Now he’s dipping into horse breeding, but not with just any equine. “I am fascinated by the genetics of Appaloosa gene mutation, an LP-designated gene that causes the spots. (It) apparently occurred thousands of years ago and only once. The spotted horses in the caves of France and Spain were literal renditions,” Charles said.

He’s in horse heaven these days on his place 10 miles east of Walla Walla in the foothills of the Blue Mountains. His Blue Creek Appaloosas ranch is near Blue Creek where he’s raising a stable of prize-winners.

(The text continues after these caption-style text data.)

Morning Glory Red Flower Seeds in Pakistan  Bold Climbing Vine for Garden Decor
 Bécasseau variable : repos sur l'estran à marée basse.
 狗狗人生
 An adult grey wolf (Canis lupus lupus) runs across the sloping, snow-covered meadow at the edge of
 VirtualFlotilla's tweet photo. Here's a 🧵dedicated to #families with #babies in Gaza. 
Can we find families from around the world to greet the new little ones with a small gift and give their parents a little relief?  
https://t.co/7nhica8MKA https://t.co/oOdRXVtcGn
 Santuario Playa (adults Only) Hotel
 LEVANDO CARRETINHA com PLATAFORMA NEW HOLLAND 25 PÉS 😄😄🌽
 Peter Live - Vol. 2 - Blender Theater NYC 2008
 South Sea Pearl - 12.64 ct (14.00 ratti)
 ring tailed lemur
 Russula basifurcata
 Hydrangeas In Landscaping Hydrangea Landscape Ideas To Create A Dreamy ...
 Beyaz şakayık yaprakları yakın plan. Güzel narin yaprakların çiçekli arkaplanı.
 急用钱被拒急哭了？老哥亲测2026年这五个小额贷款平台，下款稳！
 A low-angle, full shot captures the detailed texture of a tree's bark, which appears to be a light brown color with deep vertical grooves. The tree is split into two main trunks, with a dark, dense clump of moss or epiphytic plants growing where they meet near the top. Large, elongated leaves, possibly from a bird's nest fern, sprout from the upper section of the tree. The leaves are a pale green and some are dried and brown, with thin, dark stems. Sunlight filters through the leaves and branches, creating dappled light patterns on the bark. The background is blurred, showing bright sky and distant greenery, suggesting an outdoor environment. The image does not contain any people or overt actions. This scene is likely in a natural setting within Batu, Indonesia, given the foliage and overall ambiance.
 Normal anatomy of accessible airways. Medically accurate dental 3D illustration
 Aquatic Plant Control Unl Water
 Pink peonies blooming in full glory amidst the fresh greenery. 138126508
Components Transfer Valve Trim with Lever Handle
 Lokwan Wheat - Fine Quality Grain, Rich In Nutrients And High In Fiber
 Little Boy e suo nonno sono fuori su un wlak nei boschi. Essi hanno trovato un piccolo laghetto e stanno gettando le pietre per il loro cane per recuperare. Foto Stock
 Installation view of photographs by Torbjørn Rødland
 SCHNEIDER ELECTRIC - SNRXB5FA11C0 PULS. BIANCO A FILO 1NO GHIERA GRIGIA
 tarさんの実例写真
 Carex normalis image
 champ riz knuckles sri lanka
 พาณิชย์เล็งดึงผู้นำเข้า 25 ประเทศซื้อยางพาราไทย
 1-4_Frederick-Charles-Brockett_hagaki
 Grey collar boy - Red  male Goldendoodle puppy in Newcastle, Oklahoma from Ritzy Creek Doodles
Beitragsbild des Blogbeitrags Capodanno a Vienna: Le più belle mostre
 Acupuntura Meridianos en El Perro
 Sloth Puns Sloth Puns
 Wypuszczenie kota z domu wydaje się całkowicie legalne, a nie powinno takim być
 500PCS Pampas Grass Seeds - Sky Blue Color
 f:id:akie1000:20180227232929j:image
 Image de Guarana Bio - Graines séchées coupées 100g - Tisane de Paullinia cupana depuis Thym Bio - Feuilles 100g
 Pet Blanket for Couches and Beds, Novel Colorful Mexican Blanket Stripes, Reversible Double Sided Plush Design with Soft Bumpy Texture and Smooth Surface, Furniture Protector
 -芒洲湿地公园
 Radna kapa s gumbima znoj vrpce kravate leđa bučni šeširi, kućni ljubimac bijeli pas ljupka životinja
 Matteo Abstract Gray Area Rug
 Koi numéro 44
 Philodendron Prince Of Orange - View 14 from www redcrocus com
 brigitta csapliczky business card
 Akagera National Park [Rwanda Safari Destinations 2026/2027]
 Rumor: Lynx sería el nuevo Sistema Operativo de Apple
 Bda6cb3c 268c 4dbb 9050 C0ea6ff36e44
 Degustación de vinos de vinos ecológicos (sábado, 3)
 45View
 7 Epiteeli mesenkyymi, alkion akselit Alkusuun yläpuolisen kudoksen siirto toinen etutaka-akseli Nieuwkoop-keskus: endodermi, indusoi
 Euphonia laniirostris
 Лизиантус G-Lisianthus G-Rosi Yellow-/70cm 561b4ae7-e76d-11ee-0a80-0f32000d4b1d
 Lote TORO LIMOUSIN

His BCA Tofoz Shandalupa won the 2012 Foal of the Year contest sponsored annually by Sundance 500 International. It was announced in the spring 2013 issue of Sundance 500’s quarterly magazine. Shandalupa is a Gap 5 foundation Appaloosa registered with Appaloosa Horse Club in Moscow, Idaho, Charles said. This type of horse has nothing but registered Appaloosas on both sides of its pedigree going back at least five generations, he said.

“One very famous Appaloosa stallion named Sundance, whose registration number was 500, is the source of the club’s name.”

The ancestral lines of all but one of Charles’ 15 foundation Appaloosas can trace its ancestry back to Sundance. “Appaloosas are versatile in all disciplines and are famous for their colorful spotted coat patterns as well as their pleasant dispositions. Appaloosas were first developed in our area by the Nez Perce and Palouse Indians. North West Horsemen (ApHC) is a regional club favoring Appaloosa horses centered in Walla Walla.”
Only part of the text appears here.